Blocking the C drive has always been one of the common restrictions that Group Policy admins enforced for standard user accounts. There are multiple reasons for restricting access to the C Drive for non admin users.

• The first is system stability because it prevents basic users from accessing, altering, or deleting critical system files on their computers, thus minimizing potential issues that disrupt desktop operations and initiate a help desk ticket.
• It reduces the chances of malware being introduced into the system and prevents users from installing unauthorized applications, opening suspicious files or clicking on malicious executables.
• Blocking the C drive in some cases may be required by compliance regulations to restrict user access to certain system resources.
• Keeping users out of the C drive can potentially simplify troubleshooting as it eliminates user file tampering.
• For shared desktop computers it can help protect the data of other users who have logged onto the device

Because Intune uses many of the same Windows Administrative Templates, it is easy to block C Drive access with Intune as well. Using the Microsoft Intune admin center, go to Devices > Configuration Profiles and click “Create profile.”  Select “Windows 10 and later” as the Platform and Administrative Templates as the profile. Name the configuration profile and go to User Configuration > Windows Components > File Explorer as shown in the screenshot below.

Scroll down through the settings and select “Prevent access to drives from My Computer” and choose Enabled. You can then select the drives you wish to block access to as shown below.

Click OK and click next. Then assign the configuration profile to the designated groups and you are done.

Personal Data Encryption (PDE) is a security feature introduced in Windows 11, version 22H2 that provides an additional encryption capability to Windows. PDE is different than BitLocker in that it encrypts individual files while BitLocker encrypts entire volumes. PDE utilizes Windows Hello for Business to link encryption keys with user credentials. This means you need only log on a single time while BitLocker requires a separate PIN be inputted. Another difference is that unlike BitLocker that releases data encryption keys at bootup, PDE releases them once a user signs in using Windows Hello for Business. Until then, users cannot access the protected file content.

There are 3 prerequisites for PDE:

1. The computer must be Azure AD joined
2. It must be running the Enterprise or Education edition of Windows 11, version 22H2 or later
3. Windows Hello for Business Overview

Windows Hello provides fully integrated biometric authentication based on either facial recognition or fingerprint matching.
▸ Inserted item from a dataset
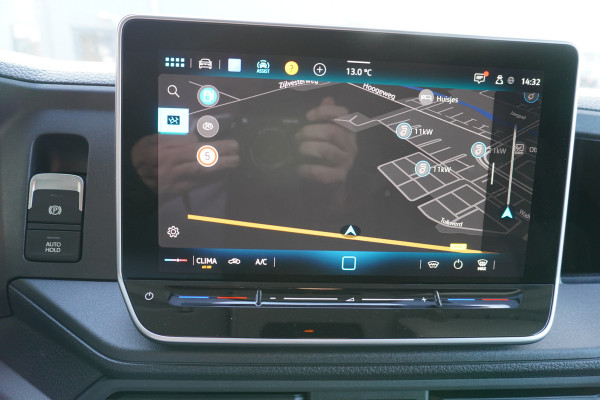 Volkswagen Crafter 30 2.0 TDI 140PK L3H3 Exclusive Automaat Hero Edition | Airco | Cruise | Navi | trekhaak  | Camera Volkswagen Crafter 30 2.0 TDI 140PK L3H3 Exclusive Automaat Hero Edition | Airco | Cruise | Navi | trekhaak  | Camera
Many laptops today have fingerprint readers or integrated compatible cameras to support it.

You should consider PDE as just another encryption layer for Windows on top of BitLocker that administrators can use to safeguard sensitive data. Don’t be confused by its name because standard users cannot initiate PDE, nor can they protect personal files with it. When you stop to think about it, it makes sense as you wouldn’t want malicious insiders to use it to hide data they shouldn’t have on their corporate devices. PDE can only be implemented by administrators who also selectively choose which filles to encrypt. PDE is ideal for business applications that work with sensitive files and should be heavily considered by those organizations that must adhere to compliance requirements.

You can enable PDE through Intune. By default, PDE on Windows 11 Devices in the Intune settings catalog is disabled. There are two ways to enable PDE in the Microsoft Intune Admin Center. The easiest way is to navigate to Devices > Configuration profiles and choose the Settings catalog as the profile. Using the Settings picker, search for personal data encryption and select the PDE category. Then check enable “Personal Data Encryption” as shown below.

Assign the policy to the designated groups or users and save it. You can also use OMA-URI settings to create the policy using:

./User/Vendor/MSFT/PDE/EnablePersonalDataEncryption

as the OMA-URI path.  Then choose integer as the data type with an assigned value as 1. The final configuration should look like the screenshot below.

While support for PDE is limited currently, more applications will utilize it in the future.